First, philosophers of mind were looking for a way to offer some sort of teleological or quasi-teleological grounding for functional ascriptions in a way that constrained the types of structures that could instantiate the functional systems. Teleofunctionalism in philosophy of mind seemed able to evacuate problems that functionalism had with, for example, inverted qualia, or malfunctioning traits in general. This teleofunctionalism was cashed out in evolutionary terms.
Another reason for the focus of functional arguments on evolutionary biology is that, and this is more a sociological point than a philosophical one, most philosophers of biology for the last 40 years have focused their inquiry evolutionary theory, in part because it appears prima facie to be the best candidate for a unifying theory of biological explanations, something that developmental biology or cell biology cannot hope to achieve.
In this context, it is not surprising that theories of function grounded on history have been favoured: evolutionary history appears to get philosophy of mind out of theoretical binds while warranting philosophy of biology’s focus on evolutionary biology instead of focusing on other biological disciplines.
What is not always recognized however is that evolutionary history will not always vindicate historical functional theories. Even though evolutionary biology has to look at selection history which seems to warrant a Wright-like function theory (Wright 1973, 1976), some evolutionary explanations necessitate nonhistorical functional ascriptions. For most readers of this book, this is probably not a novel point although it is still somewhat controversial.
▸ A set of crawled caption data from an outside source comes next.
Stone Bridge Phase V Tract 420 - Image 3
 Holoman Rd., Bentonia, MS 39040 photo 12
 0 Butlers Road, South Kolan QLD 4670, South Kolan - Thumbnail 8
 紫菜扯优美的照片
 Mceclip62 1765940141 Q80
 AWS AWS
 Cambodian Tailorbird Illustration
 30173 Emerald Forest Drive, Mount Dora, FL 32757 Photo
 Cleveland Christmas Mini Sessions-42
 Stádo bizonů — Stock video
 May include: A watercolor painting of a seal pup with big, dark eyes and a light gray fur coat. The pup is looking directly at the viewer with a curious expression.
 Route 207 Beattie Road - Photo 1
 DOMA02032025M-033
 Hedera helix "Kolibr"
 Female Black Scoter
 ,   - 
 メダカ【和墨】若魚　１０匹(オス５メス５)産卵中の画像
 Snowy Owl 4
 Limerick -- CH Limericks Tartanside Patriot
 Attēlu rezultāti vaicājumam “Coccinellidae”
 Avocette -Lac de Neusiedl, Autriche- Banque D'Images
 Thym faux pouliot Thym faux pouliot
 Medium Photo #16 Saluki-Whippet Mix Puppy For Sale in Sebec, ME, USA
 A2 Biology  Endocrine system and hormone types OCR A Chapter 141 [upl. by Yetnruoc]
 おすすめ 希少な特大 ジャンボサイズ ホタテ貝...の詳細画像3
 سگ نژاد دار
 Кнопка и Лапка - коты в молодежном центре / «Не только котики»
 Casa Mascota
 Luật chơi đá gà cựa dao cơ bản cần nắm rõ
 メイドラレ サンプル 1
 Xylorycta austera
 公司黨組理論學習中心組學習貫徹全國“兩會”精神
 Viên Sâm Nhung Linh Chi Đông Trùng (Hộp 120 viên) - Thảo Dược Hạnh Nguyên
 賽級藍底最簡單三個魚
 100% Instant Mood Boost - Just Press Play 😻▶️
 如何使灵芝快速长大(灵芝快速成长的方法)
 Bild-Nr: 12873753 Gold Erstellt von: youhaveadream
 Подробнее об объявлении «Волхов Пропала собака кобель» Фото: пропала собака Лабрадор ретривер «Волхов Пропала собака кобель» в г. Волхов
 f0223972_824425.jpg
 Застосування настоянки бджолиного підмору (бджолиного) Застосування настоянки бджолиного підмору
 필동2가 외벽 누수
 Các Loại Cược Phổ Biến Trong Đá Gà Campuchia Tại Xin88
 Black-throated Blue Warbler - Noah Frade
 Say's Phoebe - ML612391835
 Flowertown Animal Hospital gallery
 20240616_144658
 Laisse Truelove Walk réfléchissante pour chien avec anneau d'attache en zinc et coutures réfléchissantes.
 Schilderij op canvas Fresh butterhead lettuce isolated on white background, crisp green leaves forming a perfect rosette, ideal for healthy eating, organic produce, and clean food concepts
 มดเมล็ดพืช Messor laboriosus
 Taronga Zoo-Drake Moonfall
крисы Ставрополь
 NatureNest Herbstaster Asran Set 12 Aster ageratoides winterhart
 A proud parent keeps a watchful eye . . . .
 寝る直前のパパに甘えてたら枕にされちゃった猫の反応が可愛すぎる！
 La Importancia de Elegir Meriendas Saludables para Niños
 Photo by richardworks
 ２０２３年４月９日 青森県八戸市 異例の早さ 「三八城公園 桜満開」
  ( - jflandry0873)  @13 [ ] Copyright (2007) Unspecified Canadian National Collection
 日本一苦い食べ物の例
Amundson and Lauder in their oft-quoted 1994 paper (reprinted in Allen et al. 1998) argue for functional pluralism, that is, we should entertain both historical and nonhistorical functional theories since they are both necessary for biological discovery; Amundson and Lauder use examples from physiology and other biological fields that cannot be said to use historical functional concepts and show that they are necessary for evolutionary explanations. More recently, Griffiths (2006) has offered a similar argument using developmental biology (although he uses this example not to defend a pluralist view but something more akin to a monist nonhistorical functional theory). After briefly discussing this pluralist line of argument, I will use examples stemming from ecology to show that nonhistorical functions are necessary for biological explanations.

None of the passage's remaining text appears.